Our results reinforce that, in practice, Bayesian posterior probabilities should not be misinterpreted as the unconditional probability that a hypothesis is true. In no way does this conclusion suggest that posterior probabilities are technically incorrect; Bayes' theorem guarantees that the posterior probability of a tree is no more and no less than the probability that the tree is correct given the data, an evolutionary model, and prior distributions over trees and model parameters. Posterior probability accurately expresses the quantitative degree of belief in a hypothesis that a rational being should have, given a set of explicit starting assumptions and following analysis of a set of data. Posterior probabilities must be interpreted strictly in this conditional sense.

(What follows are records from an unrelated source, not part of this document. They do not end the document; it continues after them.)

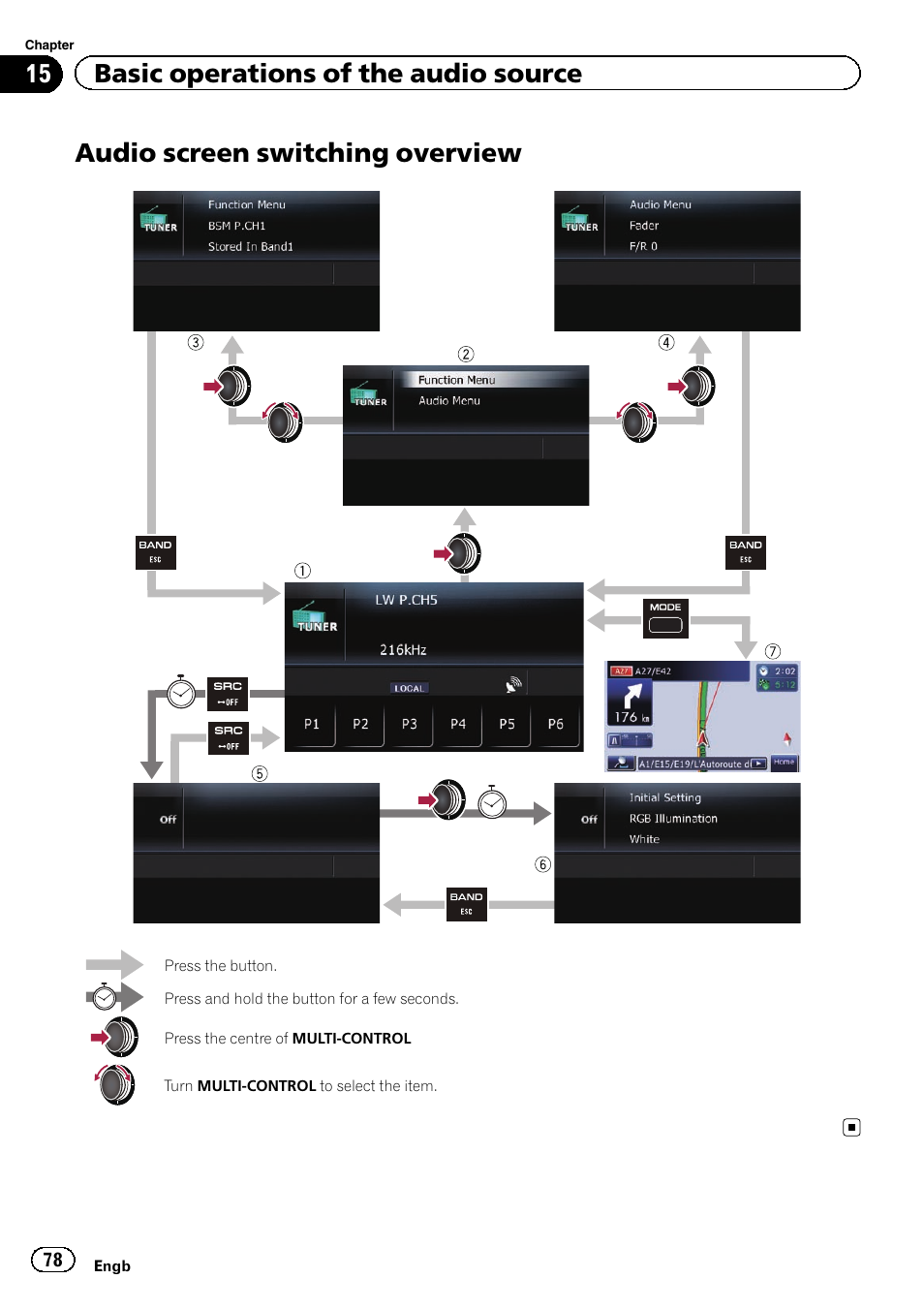 Audio screen switching overview, 15 basic operations of the audio source | Pioneer AVIC-F3210BT User Manual | Page 78 / 148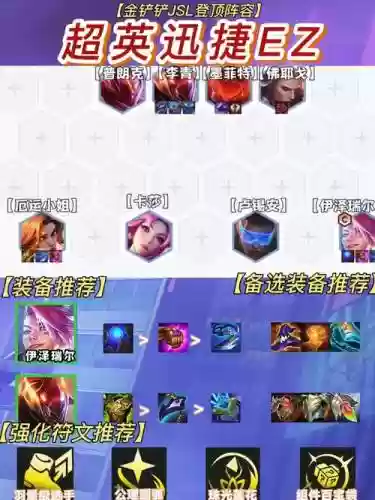 ez阵容插图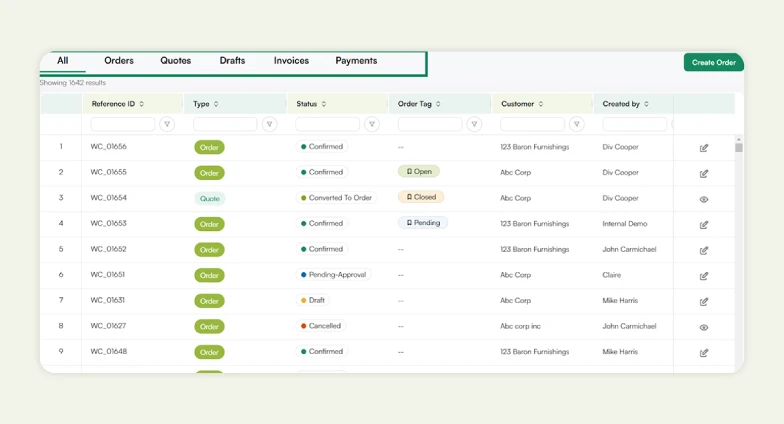 bigcommerce alternative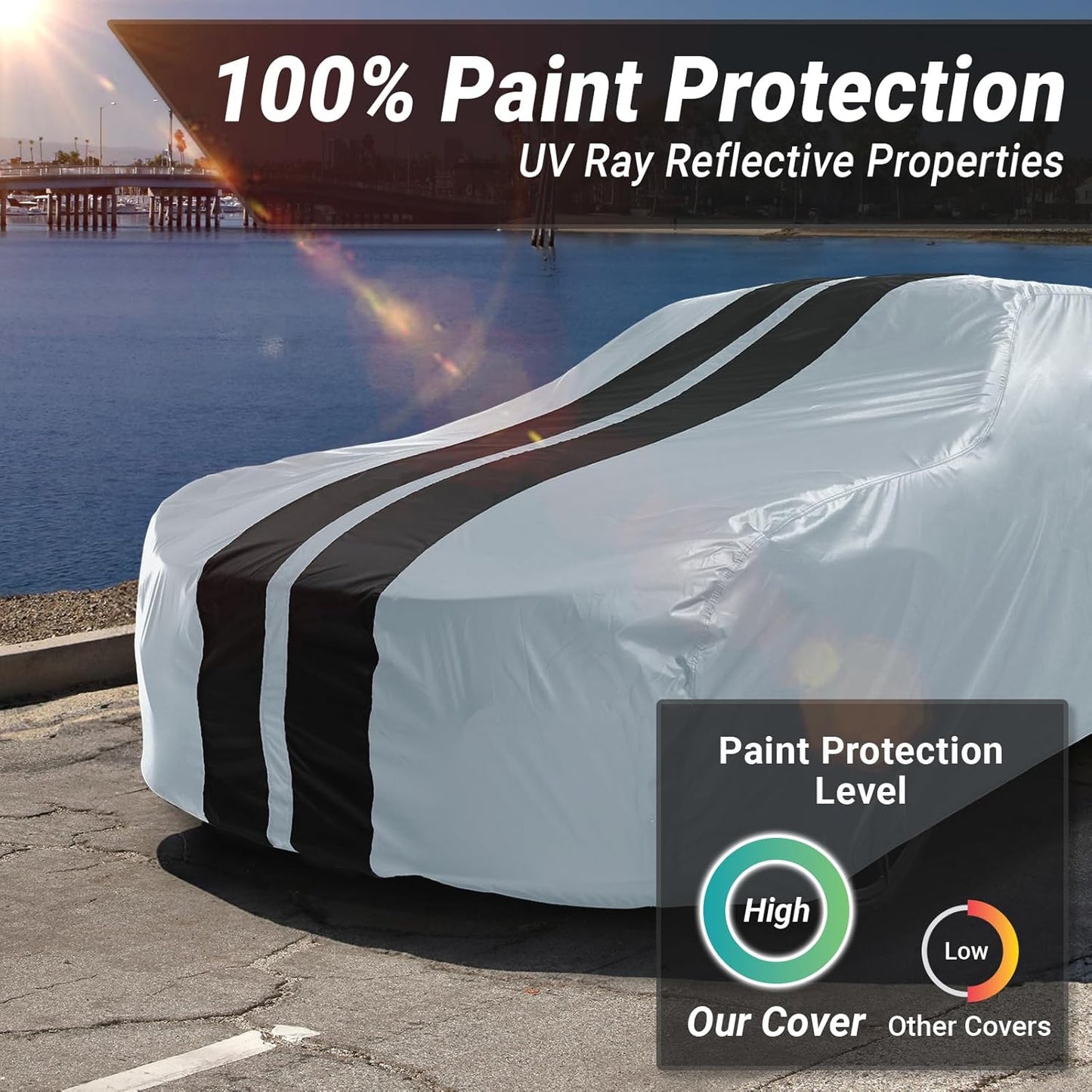 iCarCover Custom Car Cover for Pontiac Sunbird 2-Door (1976-1980) Waterproof All-Weather Rain Snow UV Sun Protector Full Exterior Indoor Outdoor Car Cover (Stripe - Gray/Black)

Numerous previous analyses have suggested that posterior probabilities are regularly "overcredible," leading to inflated estimates of statistical confidence. These studies, however, looked at only a small subset of possible tree shapes (Suzuki et al. 2002
; Cummings et al. 2003
; Douady et al. 2003
; Misawa and Nei 2003
; Simmons et al. 2004
; Taylor and Piel 2004
; Lewis et al. 2005
). Our experiments show that with some branch length combinations, integrating over uncertainty does cause posterior probabilities to exceed the frequentest chance that a tree or clade is correct. Other branch length combinations, however, produce posterior probabilities that are lower than the chance an inference is true. As a result, there can be no general post hoc "correction"–such as adjusting posterior probabilities downward–that can make posterior probabilities approximate the frequentist chance that a hypothesis is true.
Most phylogenetic analyses to date have used diffuse priors to indicate a lack of prior knowledge about evolutionary parameters like branch lengths. Our results indicate that various branch length distributions affect posterior probabilities in very similar ways, so long as the prior is sufficiently vague. Exponential priors with moderate to large means and flat priors with various upper bounds all produced nearly identical posterior probabilities across a range of problems. Although concern has been raised that the upper bound on the uniform distribution is arbitrary (Felsenstein 2004
), we found no evidence that choosing different uniform distributions within a reasonable range appreciably affects posterior probabilities.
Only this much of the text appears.